_THE PROBLEM_
Please write out exactly the lines of the data below from the line holding "-冯鑫记南京鸭血粉丝汤(来燕路店)" through the line holding "Album di Famiglia", and leave out the rest.

_THE DATA_
________________
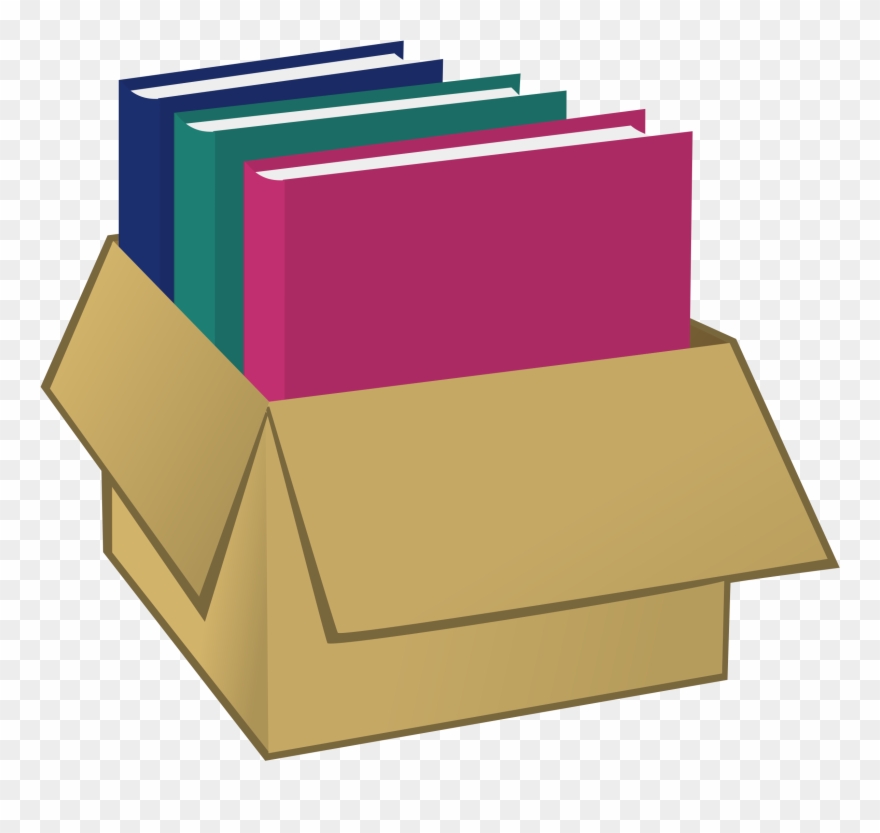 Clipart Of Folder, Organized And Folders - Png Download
________________
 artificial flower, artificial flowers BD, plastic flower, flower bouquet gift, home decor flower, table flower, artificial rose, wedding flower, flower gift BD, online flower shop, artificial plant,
________________
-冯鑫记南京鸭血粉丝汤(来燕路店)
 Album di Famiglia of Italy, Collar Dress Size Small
________________
_SOLUTION TO THIS EXERCISE_
-冯鑫记南京鸭血粉丝汤(来燕路店)
 Album di Famiglia of Italy, Collar Dress Size Small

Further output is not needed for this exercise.